Porcheron and colleagues were interested to find out so they installed Amazon Echo with Alexa in five houses. They’ve recorded conversations around its use for a month, then applied ethnomethodology and conversation analysis. They report their findings in a research paper presented at CHI, the top human-computer interaction conference. In this article, I share the key insights from the study and my analysis of the implications to design.
Intertwined with ongoing activities
Homes are inherently multi-activity settings in which devices get recruited into and are regulated through the ongoing cooperative and collocated activities. — Porcheron et al., Voice Interfaces in Everyday Life
When creating interactions with VUIs, we imagine users focusing on the task at hand. They would be standing in front of the smart speaker when they say the wake up word followed by the request. We then expect them to wait attentively for the response. This is not always the case.

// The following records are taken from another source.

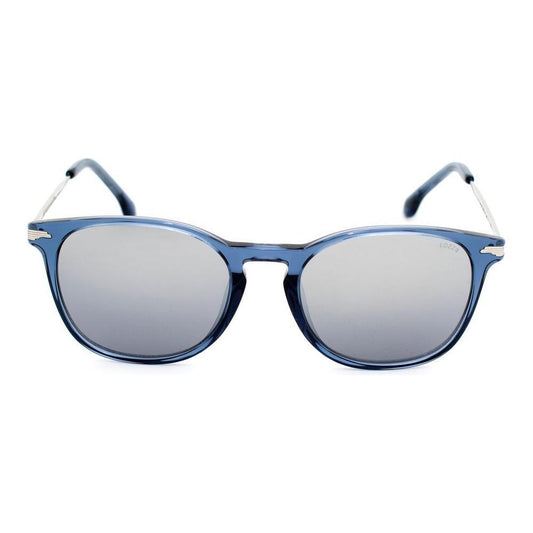 Lozza Blue Acetate Sunglasses LOSL4159M955XAC
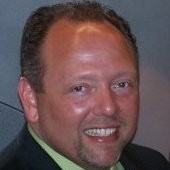 Keith McDonald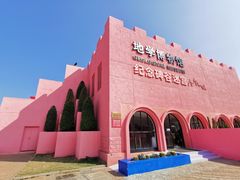 -漳州滨海火山岛自然生态风景区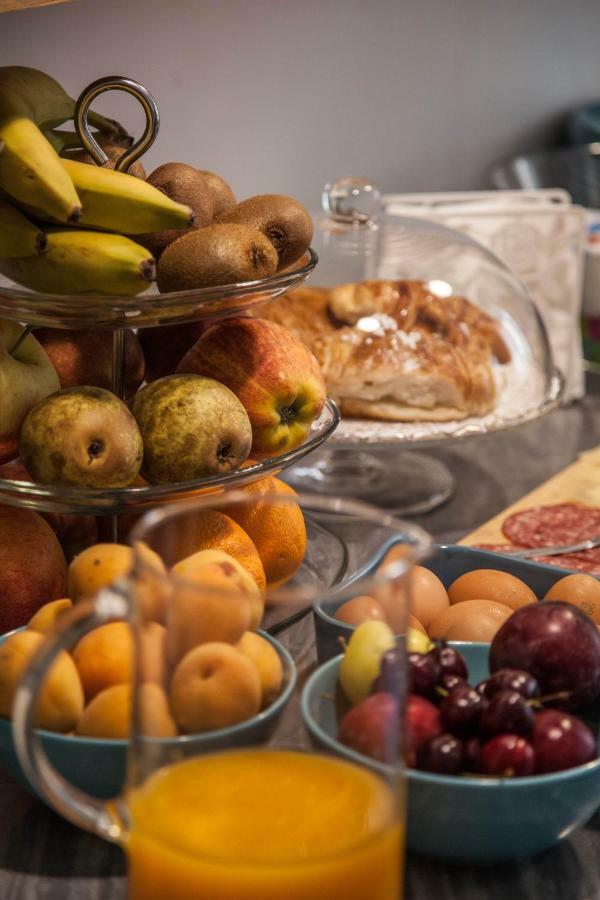 Alojamento de Acomodação e Pequeno-almoço Borgo Vergini Garden 2*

Researchers observed many instances where the user is distracted. That is, they are simultaneously attending to other activities and interacting with family members. For example, a mother might be instructing the voice assistant to recite a recipe as she cooks, then stopping midway to scold her son for running around the kitchen.
Always on, always listening is thus a good design feature that makes switching between tasks easy. The smart speaker is continuously available via the wake word, and can be initiated through casual talk within the hustle and bustle of domestic life.